Friday, May 30, 2008
What's Your Vector, Victor?
When I was 17, I had saved up some money working as a busboy to spend six weeks backpacking through western Europe. It was the most liberating experience, much needed at the time. I took tons of pictures and kept a written journal through nine countries (which might get its own blog someday).
I've always felt the ultimate luxury was being able to transport yourself to some far off place to taste the food, see the art, meet the locals and feel like a foreigner. Lucky for me, my job takes me to places where I get to do just that.

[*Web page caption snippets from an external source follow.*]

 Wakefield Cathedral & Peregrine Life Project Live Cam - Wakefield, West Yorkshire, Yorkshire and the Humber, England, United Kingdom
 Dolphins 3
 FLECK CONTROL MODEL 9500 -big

Work-related travel for photographers is much different than travel for most people with real jobs. We're not traveling to open a new branch, source suppliers or close any deals. We are traveling because some client feels there is no one in that particular spot who can do the job better than we can. That's a serious validation of the service we provide. And in the internet age, when it's fairly simple to hire any photographer in any locale, I hope clients opting to send "their photographer" overseas continues.
A traveling photographer knows his job is not as glamorous as his friends think. Convincing a flight attendant that your carry-on is not actually 3x the weight limit, watching a clueless TSA agent smear his greasy fingerprints over your $2,000 lens and waiting in the baggage claim area with your fingers crossed is certainly no way to commute to work. One time, my assistant asked an American Airlines flight attendant for a pillow and she barked, "We have no pillows!" and once I was told, "since 9/11, we have no more magazines."

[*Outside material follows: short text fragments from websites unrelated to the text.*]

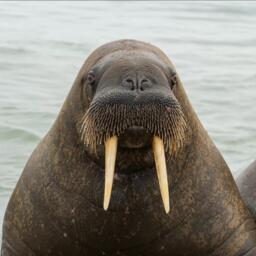 Экспедиция собрала уникальные данные о самом малоизученном подвиде моржа — лаптевском. Фото Дмитрия Рябова / Всемирный фонд дикой природы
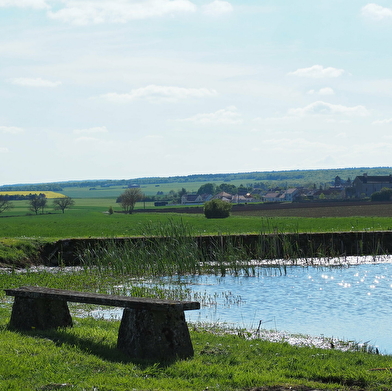 Fontaine Saint-Bénigne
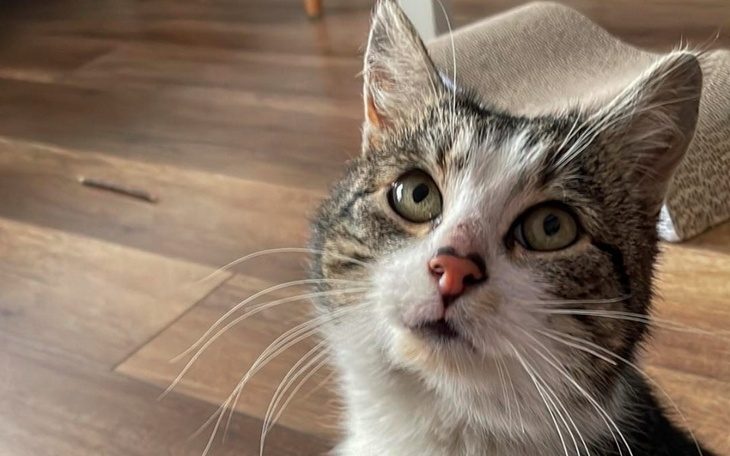 Zbiórka Zbiórka dla Juliana - zdjęcie główne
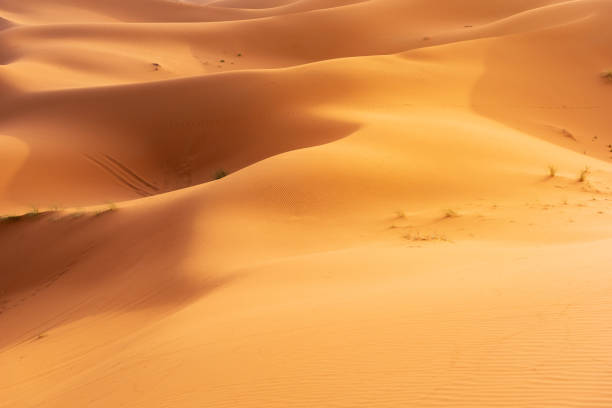 istock Beautifull Sahara desert at Morrocco 1421631911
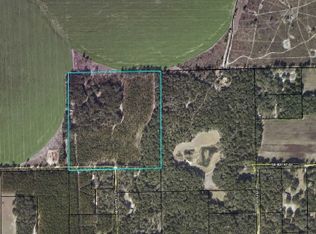 236 NE 672nd St, Old Town, FL 32680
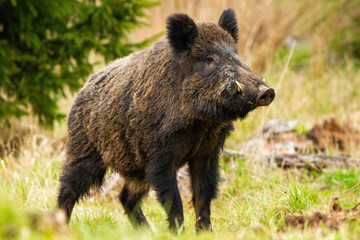 Naklejka na ściany i meble Dominant wild boar, sus scrofa, male sniffing with massive snout with white tusks on meadow. Majestic wild mammal standing on grass in spring from side view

Did bin Laden plot to take away my in-flight reading material?
To keep a running documentation of these glamorous trips, I'm using a custom Google map of our work locations (not personal trips but places where clients have actually paid us to create images). The map will be continually updated as new travel is completed.
Once in a while, I am asked by a new client if I can work somewhere like...Ft. Lauderdale (about 15 minutes from my house). Now, I can just email a link to this map and they will see that my love for travel knows no boundaries.